| EXERCISE AIM |
Copy the listing in full and exactly, omitting its images.

| PROVIDED RECORDS |
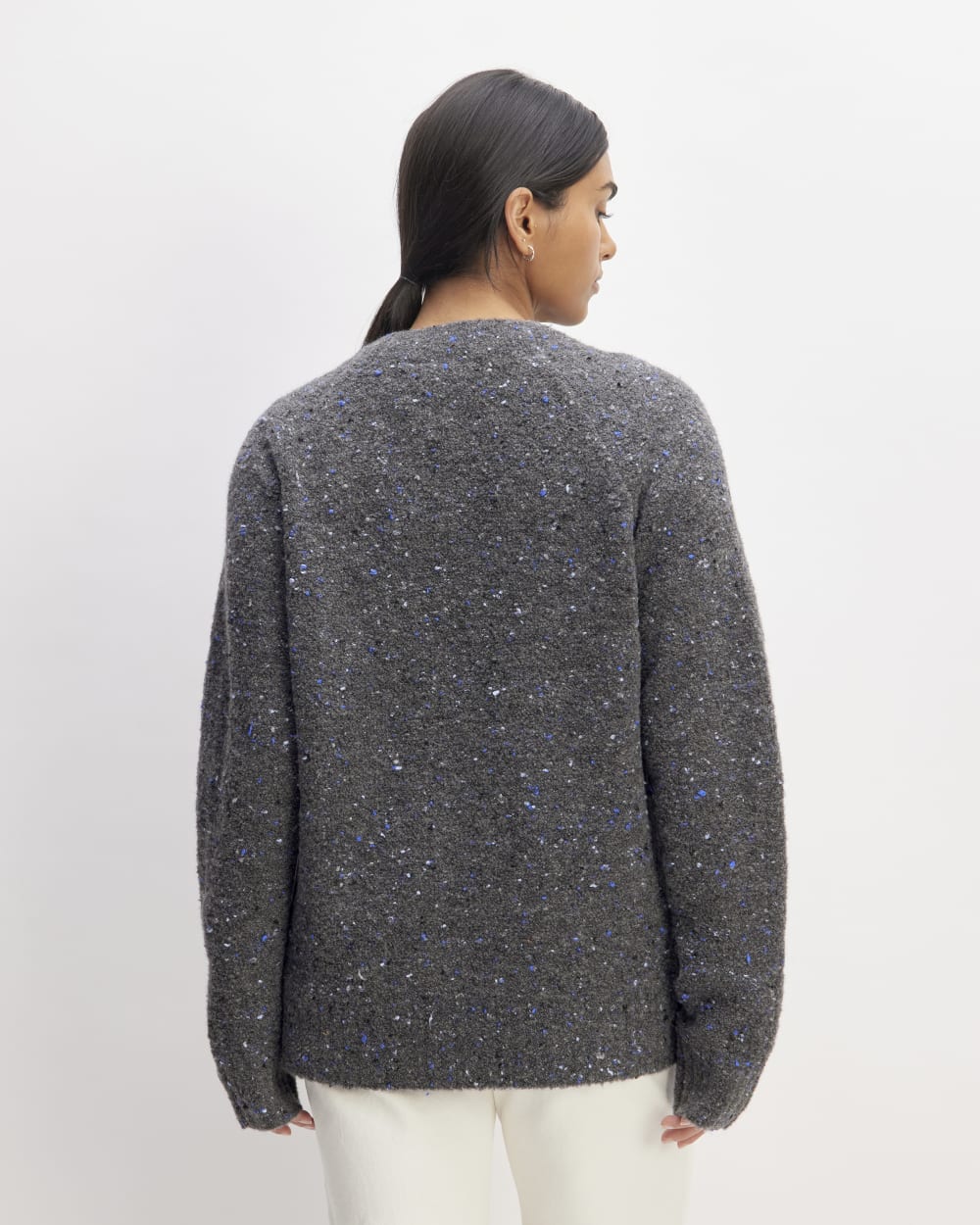 womens-confetti-cardigan-charcoal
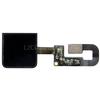 Cable - USED Power Button Touch ID Flex Cable 000919-A for Apple Macbook Pro 13" A1706 2016 2017
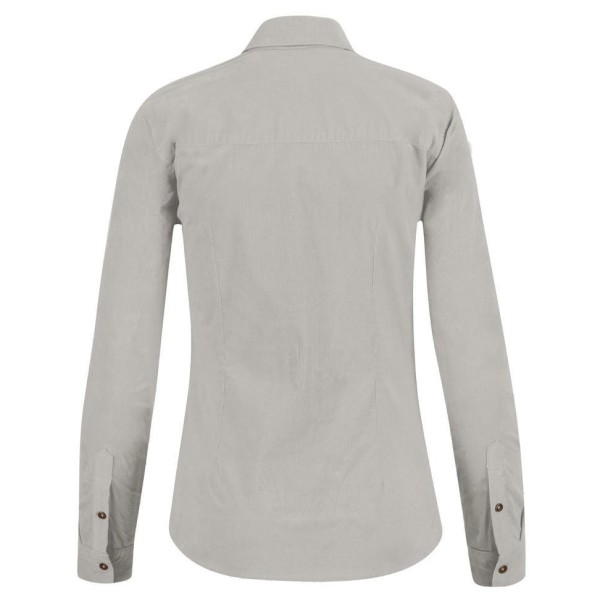 Karpos - Women's Abete Shirt - Bluse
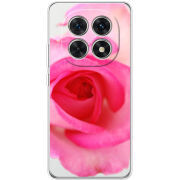 Чохол BoxFace Xiaomi Redmi Note 15 5G 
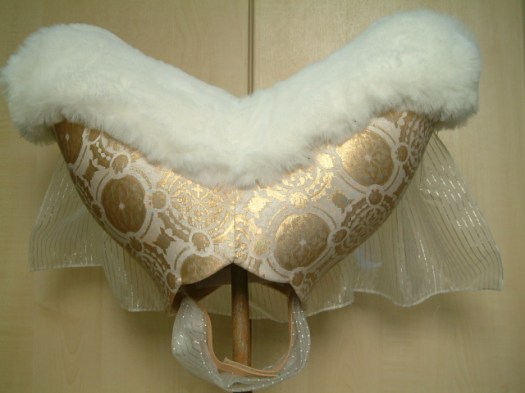 nov 2003 parade Noel (1)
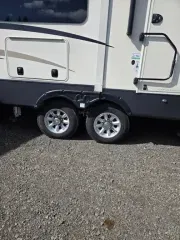 used Other Trailers Forest River  for sale, in Omaha, NE Thumbnail 3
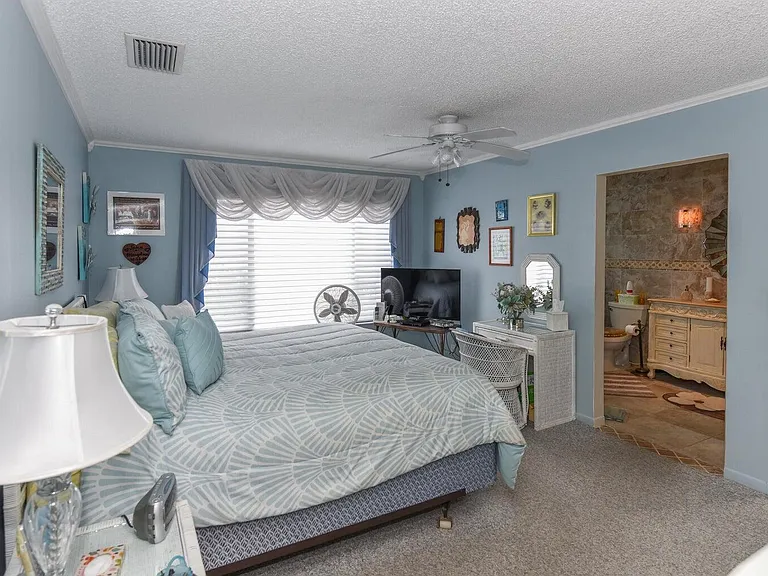 5518 Ainsley Ct — Photo 21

| EXERCISE OUTPUT |
 womens-confetti-cardigan-charcoal
 Cable - USED Power Button Touch ID Flex Cable 000919-A for Apple Macbook Pro 13" A1706 2016 2017
 Karpos - Women's Abete Shirt - Bluse
 Чохол BoxFace Xiaomi Redmi Note 15 5G 
 nov 2003 parade Noel (1)
 used Other Trailers Forest River  for sale, in Omaha, NE Thumbnail 3
 5518 Ainsley Ct — Photo 21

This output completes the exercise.